With a fresh approach focused on engagement, the company brings a centuries-old institution—the commissary—into the digital age
Incorporated in 1951, Eurpac Service Inc. is an employee-owned global sales, marketing, and distribution company serving consumer goods manufacturers, retailers, and government agencies.
One of the benefits of military service is access to shopping at a global network of commissaries, which sell groceries and household goods to members of uniformed services and their families at cost plus a surcharge. But in recent years, foot traffic has fallen at commissaries—especially among younger shoppers.
Eurpac—a services company that counts the US Defense Commissary Agency among its list of clients—knew that to increase foot traffic, commissaries needed to connect with young audiences where they spend their time: on social media.
The company created its first official social media manager role, hiring Evan Davis and throwing him into the deep end with his first assignment: update the dusty image of a nearly 200-year-old institution—the commissary—for the digital age.
Hootsuite makes running campaigns easy. I can plan content in advance, and once I have my content all scheduled, if anything comes up, I don’t have to worry about what to post.
When Evan started, Eurpac had accounts on the major social networks, but was publishing infrequent posts to a small list of followers with low engagement. To scale up the company’s social presence and boost engagement, Evan knew he needed a strong strategy for building engagement based on a regular cadence of posting quality content.
With big plans for a packed content calendar and lots of engagement across multiple accounts, Evan turned to Hootsuite’s Professional plan to help schedule and manage Eurpac’s social media presence.
Taking inspiration from successful retail industry social accounts, Evan increased posting frequency from a single post per month to three to four posts per week.
Using Hootsuite Publisher, Evan plans and schedules content three weeks in advance.

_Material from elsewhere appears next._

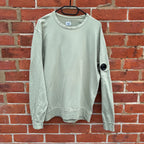 C.P. Company green sweatshirt with ribbed hem and signature goggle lens detail.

By posting a variety of content types (from tips and recipes for busy parents to profiles of diverse figures from military history), he’s grown the company’s social following by 46%, while also learning which types of content resonate with his audience and draw the most engagement.
To grow Eurpac’s audience and engagement, Evan turned his focus to connecting with retail partners and the Defense Commissary Agency to develop exclusive special offers and contests, which have successfully attracted considerable engagement.
He also uses Hootsuite Streams to follow and engage with influential accounts in the military space, building connections with their followers and growing Eurpac’s brand organically.
Generating engagement takes more than just pushing out useful content—it’s also about getting the timing right and being there when it matters.
With custom suggestions for the best time to publish based on past engagement, Hootsuite helps Evan plan Eurpac’s content calendar to post to each network at the optimal time. Then, he can use Hootsuite Streams to stay on top of comments, and finish up by using Hootsuite Analytics to understand which content resonates best with his audience.
And this smart social strategy is paying off: In six months, Eurpac has seen a 57% increase in engagement across its social channels.
Even the best strategy won’t get buy-in from leaders if you can’t show it’s working. With Hootsuite’s reporting features, Evan can quickly pull reports on key metrics to show the performance of individual campaigns, showcasing the company’s success in reaching new audiences via social media.
With a content calendar optimized for engagement and a great content mix powered by industry partnerships and audience insights, Eurpac has proven the value of increasing its digital presence. And by connecting with its younger audience, it’s helping an age-old institution—the commissary—put on a fresh face for the digital age and welcome a new generation of customers.
Hootsuite has saved me numerous times and made me the ‘main man’ in my office.